Texas A&M Students Bring Veterinary Medicine to Underserved Campus Community Members


Portrait of several young men in protective clothing, lab coats and medical masks gathered around a table holding two small dogs

Veterinary students examine basic Aggie dogs.


Faculty of Veterinary Medicine and Biomedical Sciences

For as long as she could remember, modern biomedical sciences graduate Emma Bender 22 loved animals and wanted to become a veterinarian. When she discovered her passion for community service as well, she decided to dedicate her career to serving people and animals alike.

While volunteering at a service event for the Texas A&M Ags REACH student organization, she had an idea that would allow her to start achieving her goals while still a student.

Bender noted that members of her local community have reduced access to veterinary care for their pets and have come up with a way to make a difference.

“I was having a conversation about a health fair we were planning for our basic Aggies, when I started thinking it would be really cool to take care of their pets too,” the Plano native said.

Her dream came true when she became the Texas A&M School of Veterinary and Biomedical Sciences (VMBS) and Rich Brian’s Project Partnered to host REACH Pet Health Fair for essential workers at Texas A&M.

During the recurring event, service workers from the Texas A&M campus are invited to bring their pets to a free pet clinic that offers physical examinations, heartworm and stool tests, heartworm prevention and vaccinations by VMBS veterinary students under the supervision of faculty.

Serving people and pets

Photo of three women in casual clothes and medical masks standing around a table filled with pet medicine

Emma Bender, Dr. Stacey Ekman and Elizabeth Ekman


Faculty of Veterinary Medicine and Biomedical Sciences

The REACH Project (Respect Empowerment Aspiration Community Hope) is a nonprofit organization founded in 2017 by Texas A&M alumnus Max Gerall ’18 to support more than 3,000 third-party contract workers at the university, including food service personnel, custodians, grounds, maintenance personnel, Many of them face daily difficulties.

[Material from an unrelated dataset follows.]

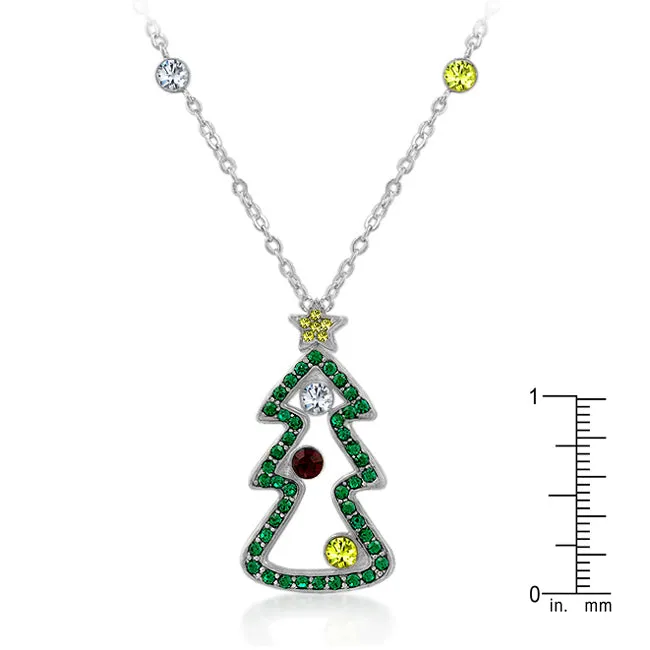LOVCIA Sparkling Rhodium-Plated Christmas Holiday Pendant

REACH provides these community members with health, education, and housing resources, areas where many of them feel there are gaps. The nonprofit regularly works in partnership with Texas A&M’s Ags REACH, which provides manpower to help REACH achieve its goals.

In partnership with VMBS, the REACH Pet Health Fair provides free pet services to essential workers who may not have access to the same level of care.

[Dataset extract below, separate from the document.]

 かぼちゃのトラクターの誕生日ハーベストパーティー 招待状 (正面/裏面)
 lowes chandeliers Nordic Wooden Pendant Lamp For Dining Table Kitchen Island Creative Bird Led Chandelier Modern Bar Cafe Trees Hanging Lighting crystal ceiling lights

One client was Chanika Moses, a Compass USA dietitian who works at Texas A&M, who brought her dog, Puppins, and cat, Noodles, for a check-up.

“It went really well and it was a great experience,” Moses said. “These pets are our support animals; my dog, in particular, knows when we are in pain, emotionally or physically, and comes to cuddle us. She tries to make us feel better in any way she can.”

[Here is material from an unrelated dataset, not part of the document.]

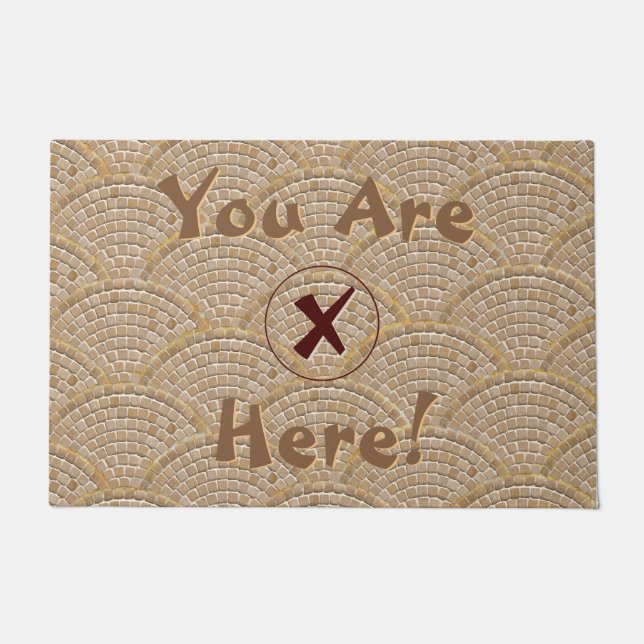 Xがおもしろいその場を示す ドアマット (正面)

“They are a very important part of our family and we try to take care of them as much as possible, but we want to do it at a low cost,” she said. “Going to the vet is very expensive, so this gave us a lot of opportunity and we could redistribute that income to things other than the dreaded vet bill.”

Moses plans to return for future pet health fairs and for other collaborations between REACH and VMBS.

“It’s really amazing to see how many people we’re helping,” Bender said. “Because I’ve been in touch with our core Aggies, they are all so grateful that we’re doing this for them. Seeing this unfold as something I’ve created is incredible and, frankly, it’s really hard to put into words.”

Finding joy in helping others

Achieving achievement in community service was something Bender first experienced in high school while participating in summer missionary trips for her church.

“We’d go to Crossville, Tennessee every summer to serve the underprivileged and have an event along the lines of Vacation Bible School for Kids,” she said. “Being able to interact with these kids and knowing how much they loved what we did for them was frankly more satisfying than anything else I could ever do.”

Portrait of a man and woman in casual clothes and medical masks standing next to each other with thumbs up

Emma Bender and Max Geralt


Faculty of Veterinary Medicine and Biomedical Sciences

Besides helping others, veterinary medicine is one of her greatest interests in life.

“I’ve always wanted to be a vet. Literally since before I can remember, that’s all I ever wanted to do,” she said. “Through high school, all the opportunities I had under vets, working in vet clinics, never changed my mind. .”

While the world-renowned VMBS was the main motivation for Bender to attend Texas A&M University, he was also drawn to the university’s focus on dedicated service.

“It’s amazing because there are so many opportunities for students to get involved in the community,” she said.

Bender is already planning a future that combines her love of veterinary medicine and community service. She envisions a career in which she can use her small animal medicine skills to support local animal shelters and community members in need.